Freddie Mac posted strong third-quarter earnings early Tuesday morning, nearly tripling its net income in the second quarter

The executives at the government-sponsored enterprise waved the flag of success, pointing to the banner earnings.

“This reflects the growing strength of our business model as well as an improving quality of execution,” said Freddie Mac CEO Donald Layton. “And we’re doing this while increasingly protecting taxpayers through credit risk transfer, transacting greater volumes with more offerings than ever before - we recently reached a milestone of $1 trillion of mortgages with significant credit risk transferred.”

According to the results, Freddie Mac’s net income surged to $4.7 billion for the third quarter of 2017, up from $1.7 billion for the second quarter of 2017.  

The company reported comprehensive income of $4.7 billion for the third quarter of 2017, compared to comprehensive income of $2 billion for the second quarter of 2017.

Freddie Mac attributed the growth to a $2.9 billion (after-tax) benefit from a non-agency mortgage-related securities litigation settlement and "continued strong underlying business fundamentals."

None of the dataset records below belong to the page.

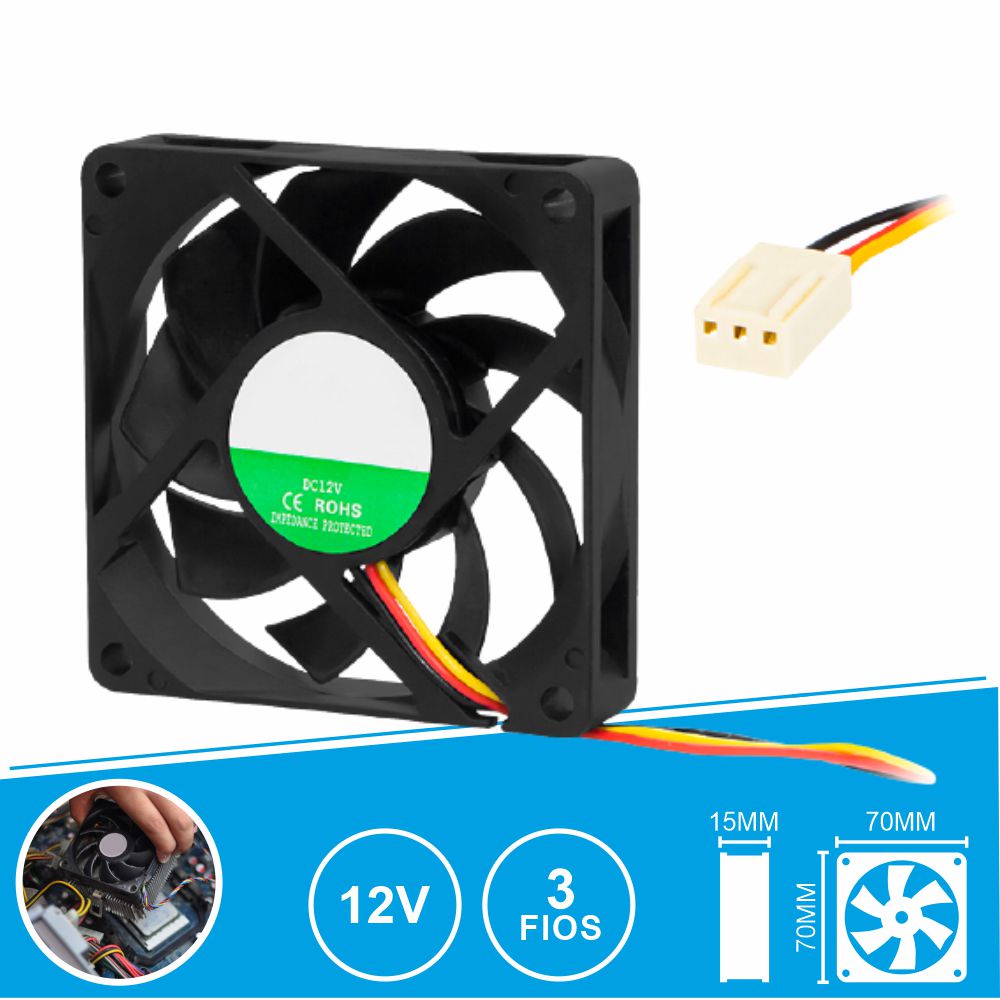VENTILADOR 12V 70X70X15MM 3 FIOS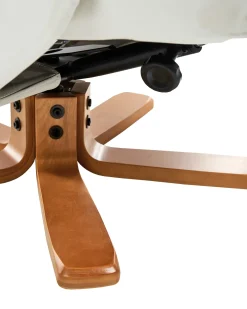Poltrona massaggiante RELAXPRO con poggiapiedi Pelle sintetica Bianco sporco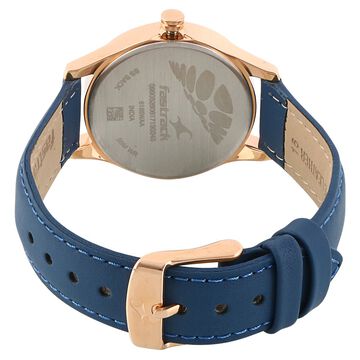 Fastrack All Nighters Quartz Analog with Date Blue Dial Leather Strap Watch for Girls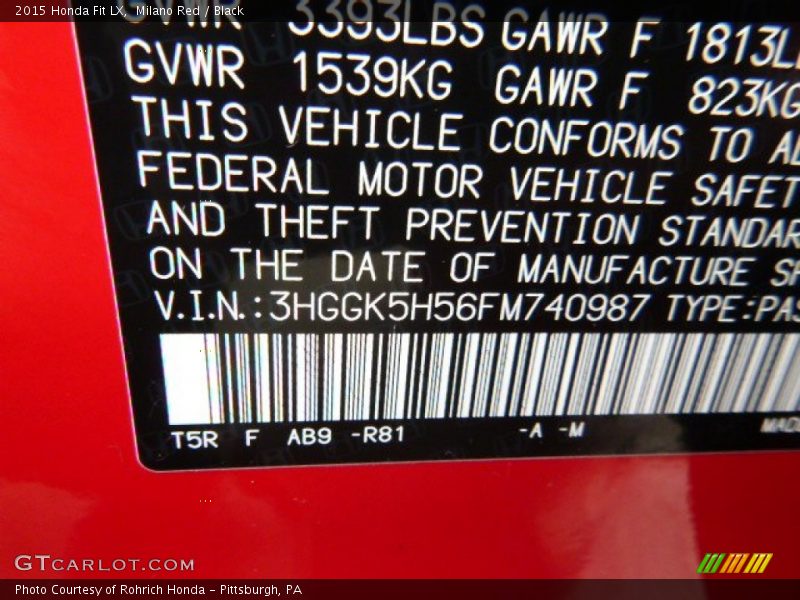 Milano Red / Black 2015 Honda Fit LX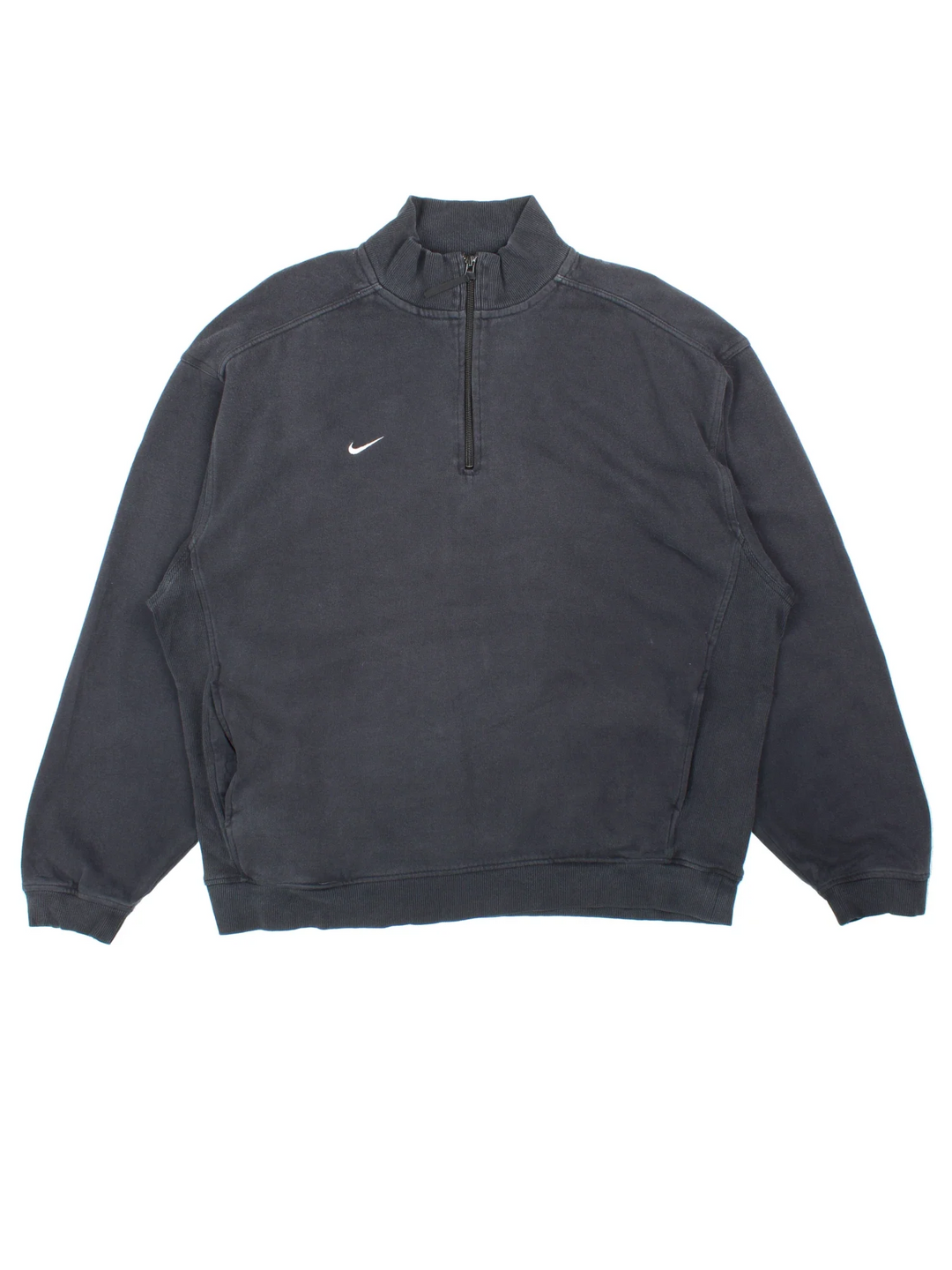 Vintage Nike 1/4 Zip Sweatshirt in a black colourway with the swoosh logo embroidered on the front.
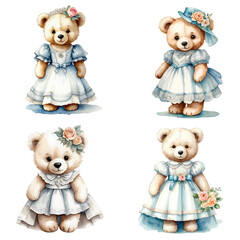 Vintage watercolour bears set.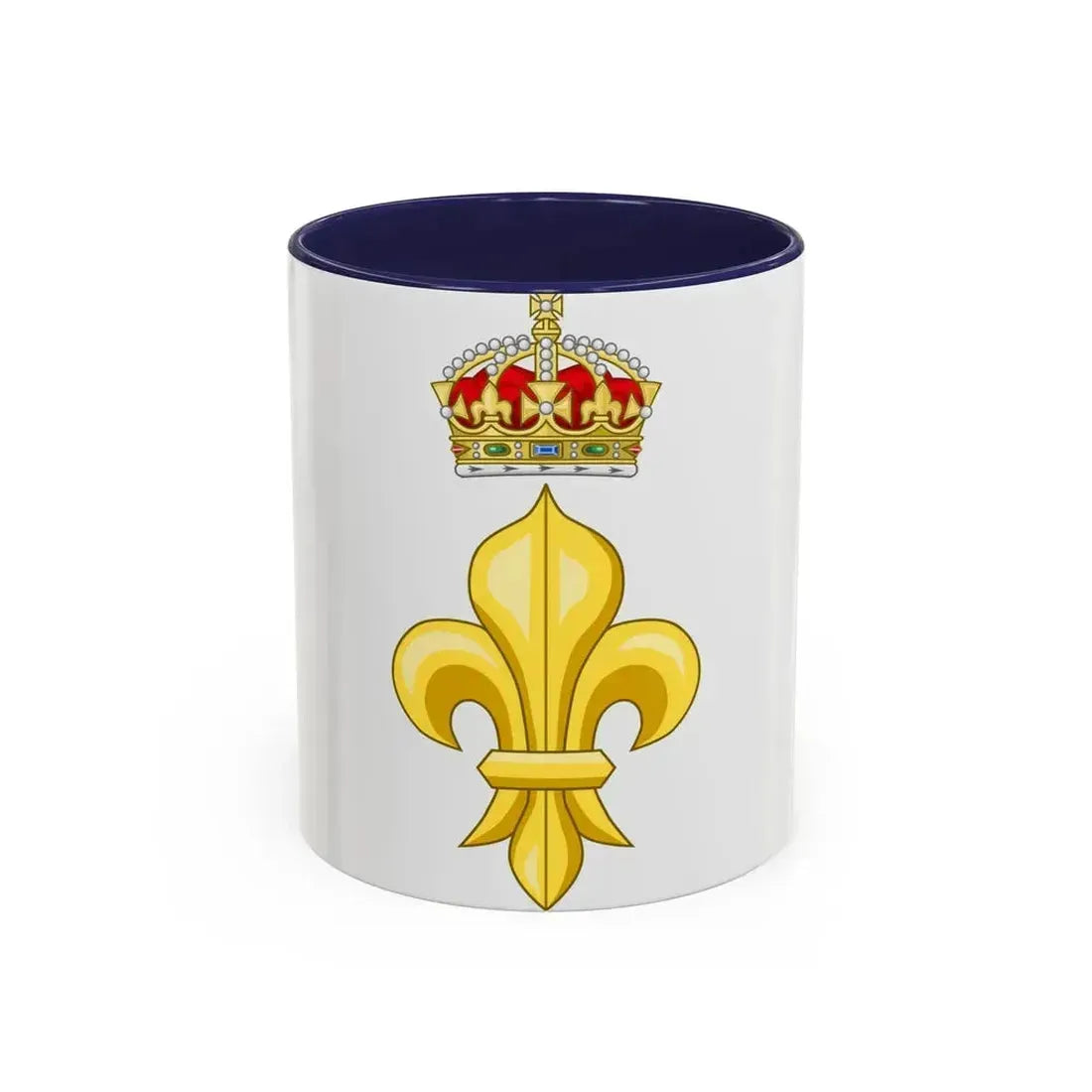 Crowned Fleur de lys (Tudor Crown) - Accent Coffee Mug 11oz Navy - Go Mug Yourself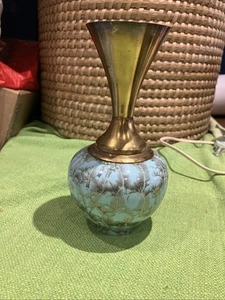 small vase ceramic n metal BOMAS holland used 18cm - Picture 1 of 8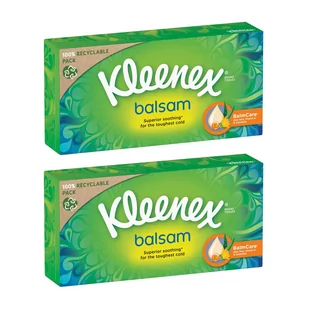 Kleenex, Chusteczki higieniczne Balsam Box, 2x64 szt. - Apteczki i materiały opatrunkowe - miniaturka - grafika 1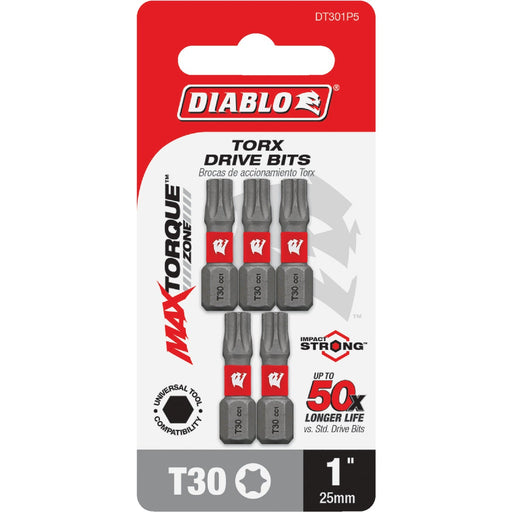 Diablo T30 TORX 1 In. Insert Impact Screwdriver Bit (5-Pack)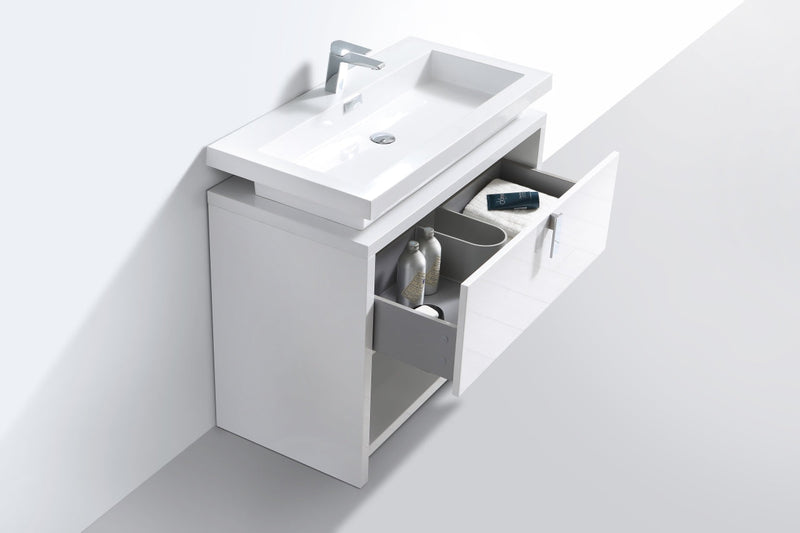 Kube Bath Levi 40" High Gloss White Modern Bathroom Vanity w/ Cubby Hole - L1000GW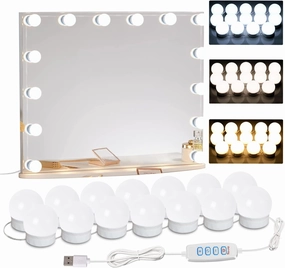 22.6ft Led Vanity Mirror Lights with 14 Dimmable Light Bulbs Makeup Vanity Lights for Big Long Mirror,Mirror Not Included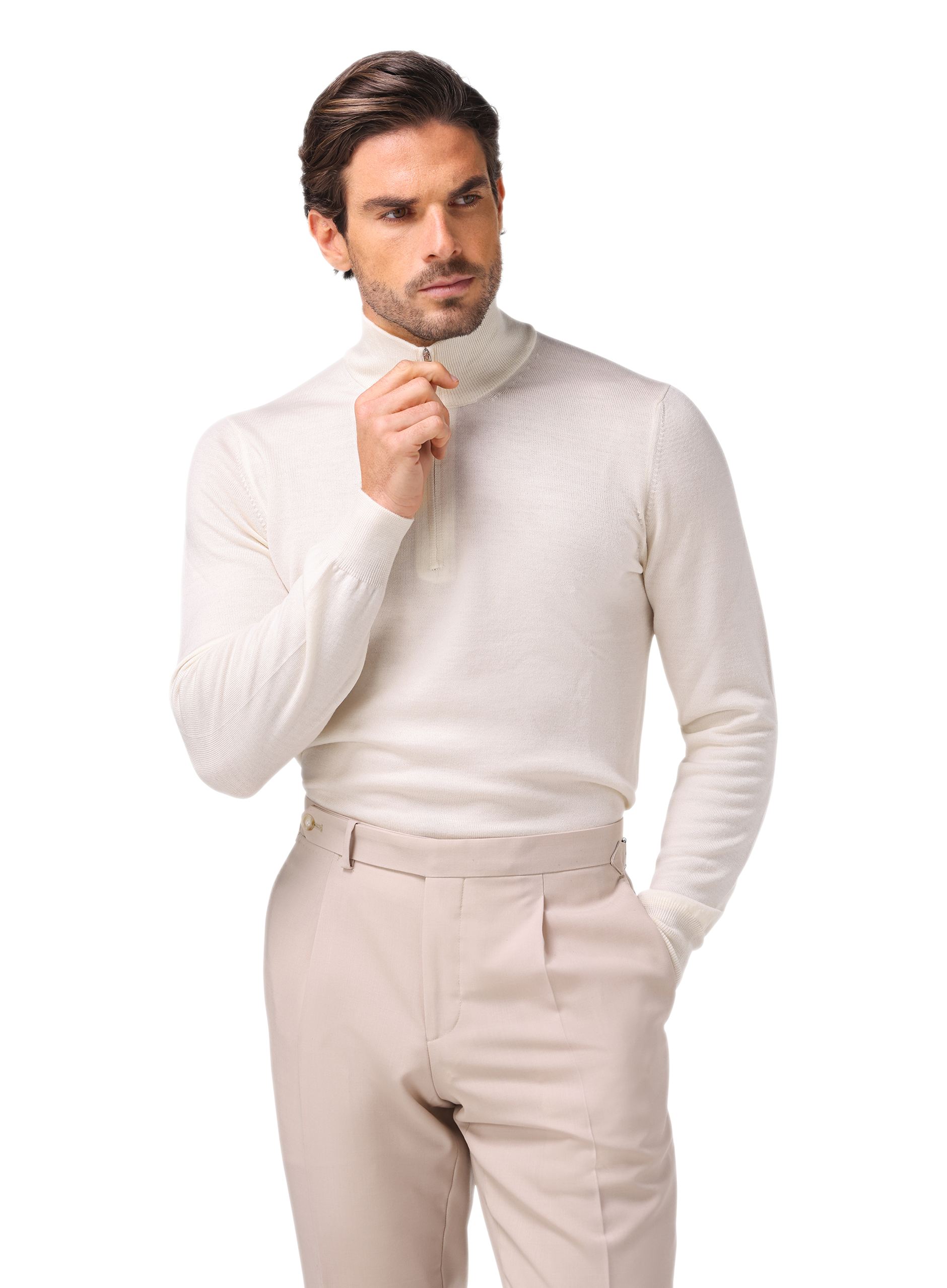 Half-zip trui van wol | MODEL | FULL_WIDTH | Wit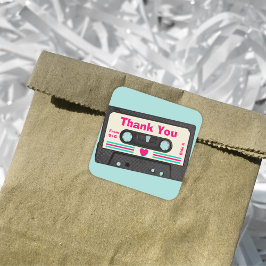 Pegatina Cuadrada Boda De Cinta Retro Ochenta Music Mix
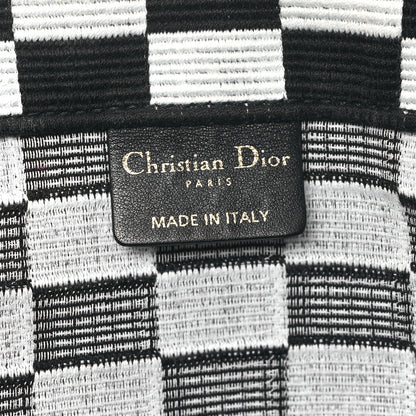Christian Dior Canvas Embroidered Checkered Book Tote Black White 6 of 14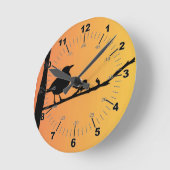 Het Silhouet van de merel Ronde Klok (Hoek)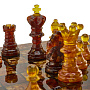 Шахматы с инкрустацией и фигурами из янтаря 50х50 см, фотография 5. Интернет-магазин ЛАВКА ПОДАРКОВ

The settlement dates back to July and deals with a multibillion-dollar lawsuit between the Royal Bank of Scotland Group and the Federal Housing Finance Agency, as conservator of Fannie Mae and Freddie Mac.

At the time, the FHFA announced a $5.5 billion settlement to resolves all claims in the lawsuit FHFA v. The Royal Bank of Scotland Group plc et al., in the United States District Court for the District of Connecticut.

Of the $5.5 billion settlement, Royal Bank of Scotland paid approximately $4.525 billion to Freddie Mac and approximately $975 million to Fannie Mae.

By breaking down Freddie Mac's earnings, these underlying business fundamentals include growing its guarantee business. Freddie's total guarantee portfolio grew 5% from last year, increasing to $1.98 billion. 

Additionally, the government-sponsored enterprise provided approximately $299 billion in liquidity to the mortgage market during the first nine months of 2017. This includes funding nearly 1.1 million single-family homes and 530,000 multifamily rental units. 

And while the mortgage-related securities litigation settlement contributed to the quarter's growth, profit would still be high without it. Excluding the settlement, comprehensive income would have been approximately $1.8 billion. 

“We clearly had a strong quarter - even excluding the large legal settlement, Freddie Mac made a profit of $1.8 billion,” said Freddie Mac CEO Donald Layton.

Based on Freddie Mac's net worth amount of $5.3 billion as of Sept. 30, 2017 and the Capital Reserve Amount of $600 million in 2017, the company's dividend requirement to Treasury in December 2017 will be $4.7 billion.

This chart below shows Freddie’s Treasury draw and dividend payments since it went into conservatorship in 2008.

Click to enlarge

GSE

(Source: Freddie Mac)

As seen in the chart above, through Sept. 30, aggregate cash dividends paid to Treasury totaled $110.1 billion, excluding the scheduled December 2017 dividend obligation of $4.7 billion. This means that Freddie Mac has returned more than $110 billion to taxpayers. 

In addition, while the applicable capital reserve amount is $600 million for 2017, it will be zero beginning on Jan. 1, 2018, as required by the government starting next year.

Freddie cautioned that the declining capital reserve amount required under the terms of the Purchase Agreement increases the risk of it having a negative net worth. And as a result, it would have to draw from Treasury.

Layton concluded, “This performance is evidence of good progress toward our goal to be one of the best-run financial institutions in the country, while successfully delivering on our public policy mission. We call this our transformation to ‘A Better Freddie Mac.’”

“We’re better at managing our risks, better at disposing of legacy assets, and getting better all the time at serving our customers - helping them meet the nation’s critical need for housing, especially for lower-income families and first-time homebuyers,” he said. “We’re proud of this transformation, and we’re committed to getting even better.”